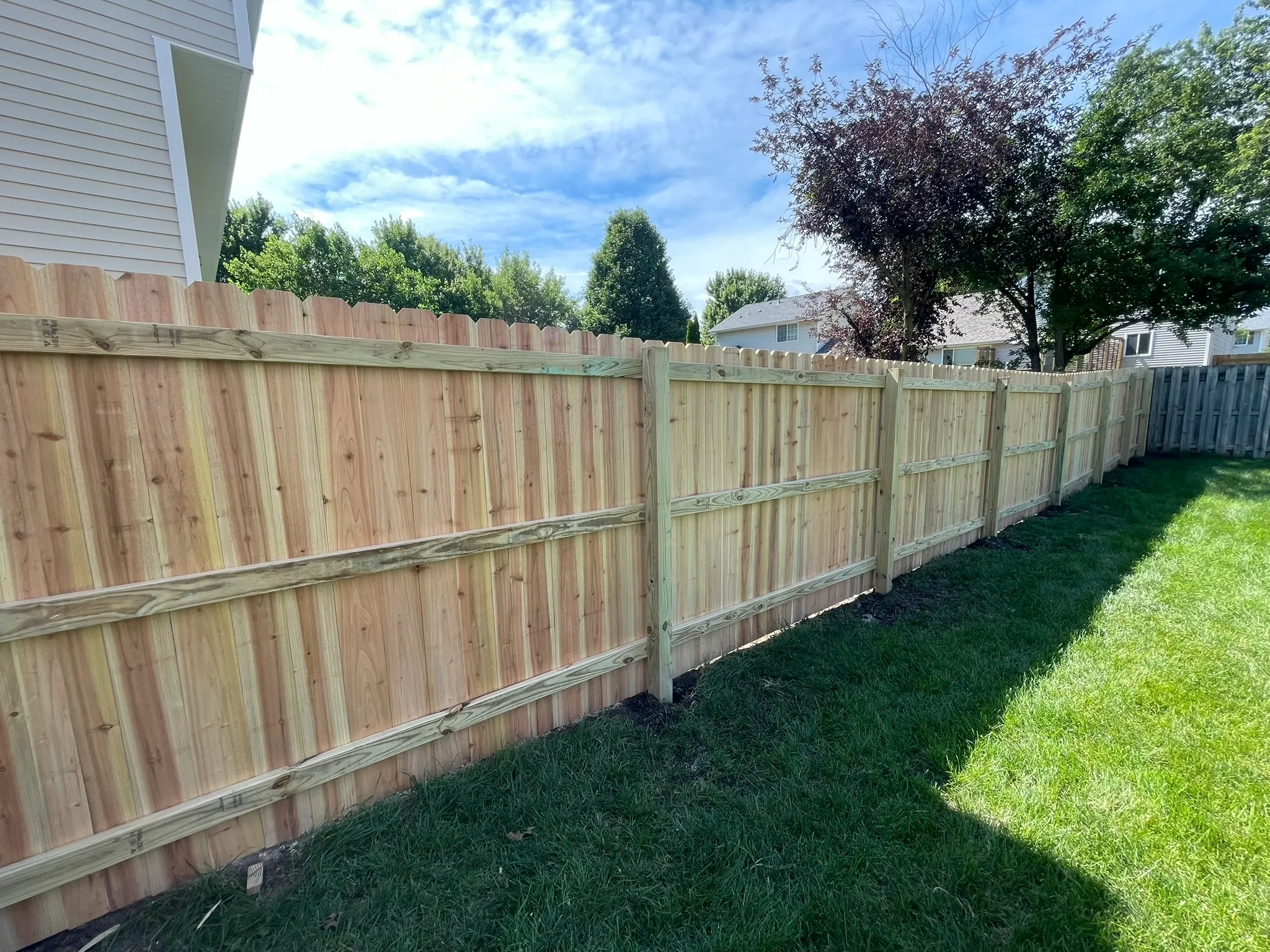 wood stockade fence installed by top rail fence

---

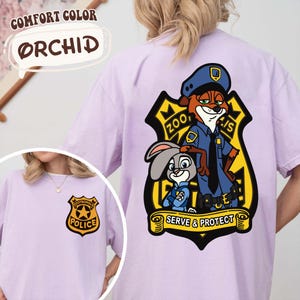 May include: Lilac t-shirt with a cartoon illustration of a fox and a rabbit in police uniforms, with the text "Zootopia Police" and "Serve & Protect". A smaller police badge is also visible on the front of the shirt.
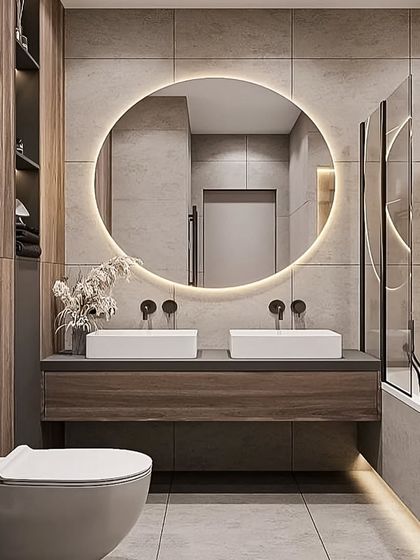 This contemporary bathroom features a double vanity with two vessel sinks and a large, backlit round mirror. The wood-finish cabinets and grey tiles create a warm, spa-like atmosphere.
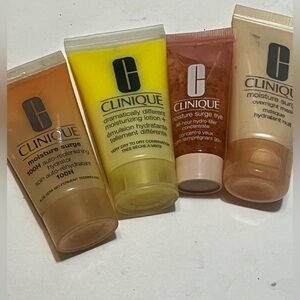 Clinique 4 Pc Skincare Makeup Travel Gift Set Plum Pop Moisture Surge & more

* * *

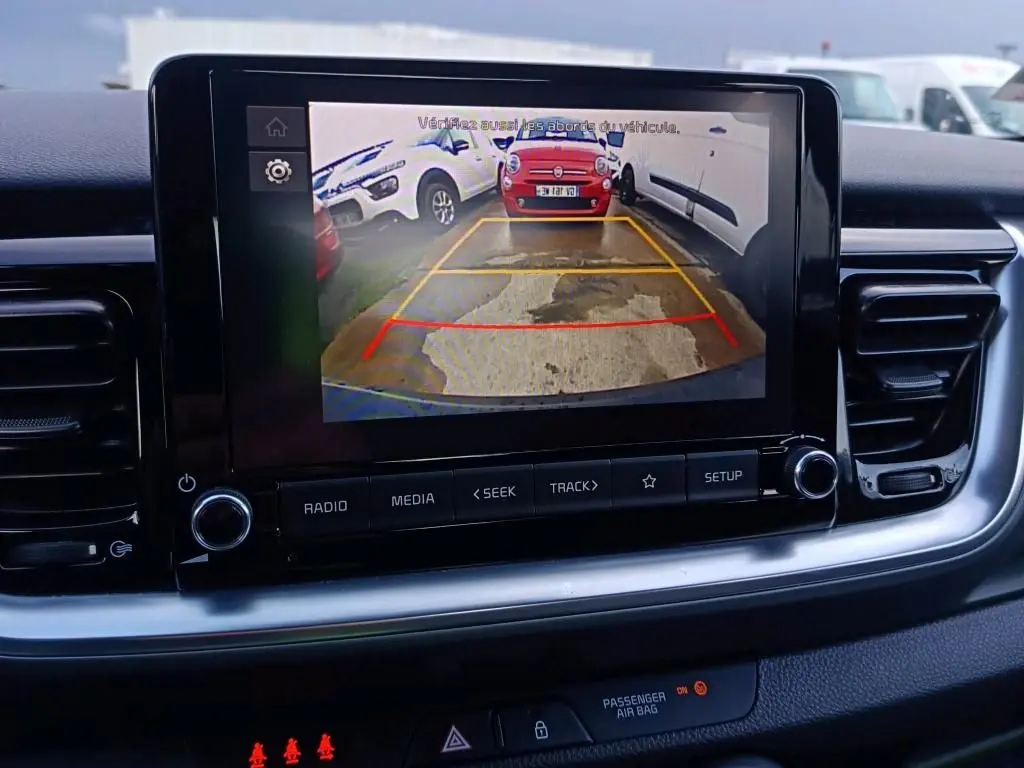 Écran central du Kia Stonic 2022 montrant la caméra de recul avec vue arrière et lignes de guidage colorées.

» Exercise aim
Word for word, retype the lines in the entries above that run from the one with "May include: Lilac" through the one with "Clinique 4 Pc". Both ends count; pictures do not.

» Exercise result
 May include: Lilac t-shirt with a cartoon illustration of a fox and a rabbit in police uniforms, with the text "Zootopia Police" and "Serve & Protect". A smaller police badge is also visible on the front of the shirt.
 This contemporary bathroom features a double vanity with two vessel sinks and a large, backlit round mirror. The wood-finish cabinets and grey tiles create a warm, spa-like atmosphere.
 Clinique 4 Pc Skincare Makeup Travel Gift Set Plum Pop Moisture Surge & more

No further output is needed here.